**YOUR TASK:** Every line below should come back exactly as written, though the pictures stay out.

**DATA PROVIDED:**
--- --- ---

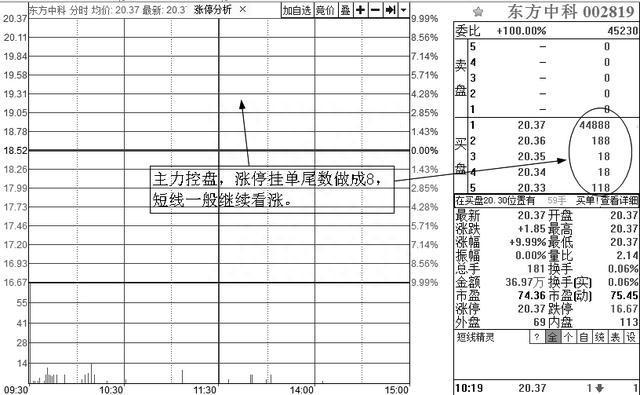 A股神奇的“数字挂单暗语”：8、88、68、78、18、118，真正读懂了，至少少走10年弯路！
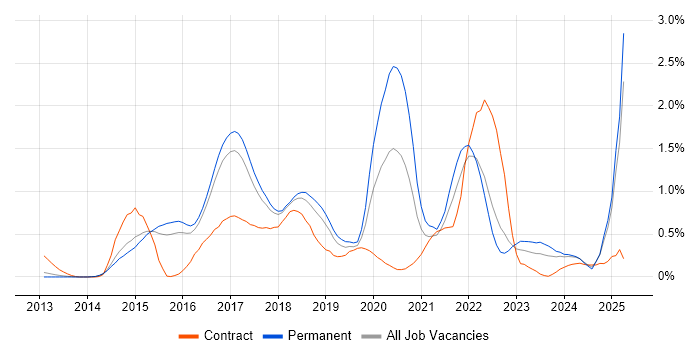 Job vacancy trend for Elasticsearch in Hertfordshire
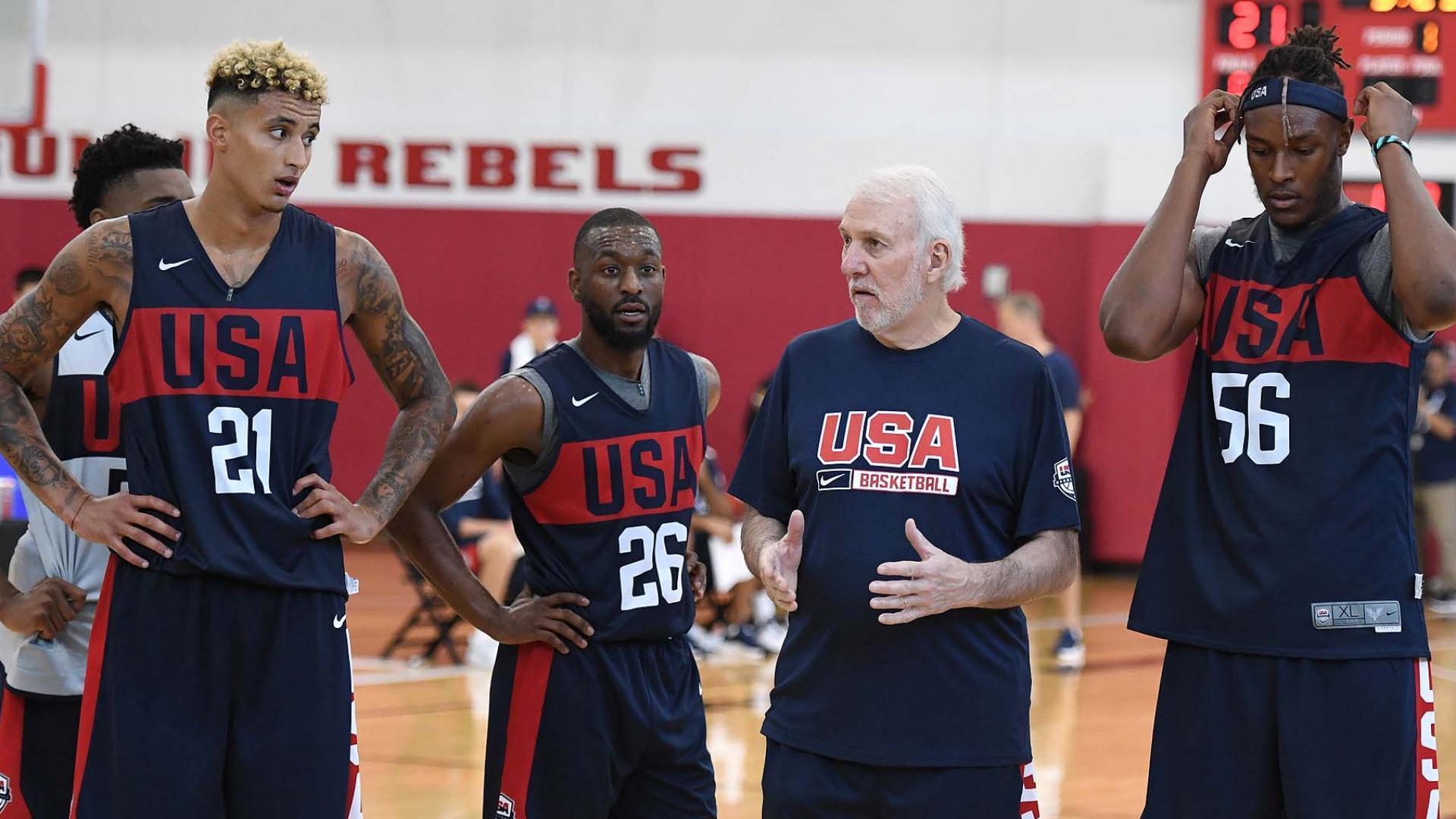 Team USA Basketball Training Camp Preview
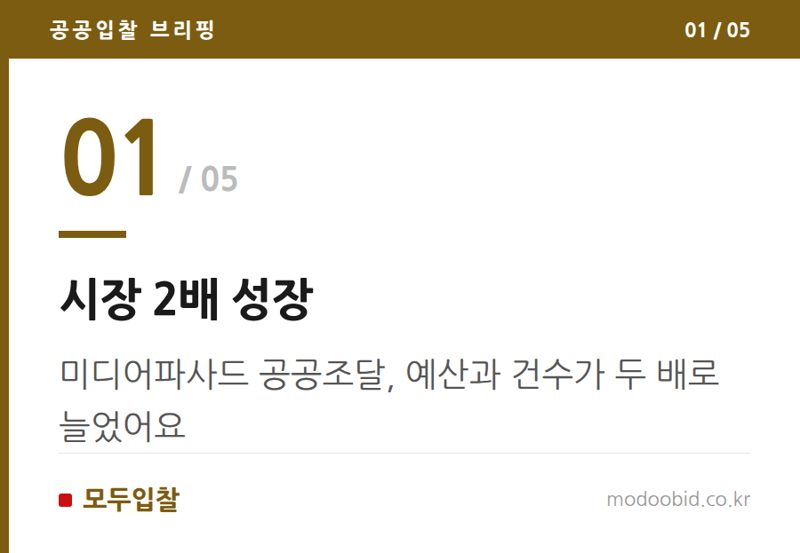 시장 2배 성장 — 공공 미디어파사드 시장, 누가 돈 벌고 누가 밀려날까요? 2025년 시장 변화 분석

--- --- ---

**YOUR SOLUTION:**
 A股神奇的“数字挂单暗语”：8、88、68、78、18、118，真正读懂了，至少少走10年弯路！
 Job vacancy trend for Elasticsearch in Hertfordshire
 Team USA Basketball Training Camp Preview
 시장 2배 성장 — 공공 미디어파사드 시장, 누가 돈 벌고 누가 밀려날까요? 2025년 시장 변화 분석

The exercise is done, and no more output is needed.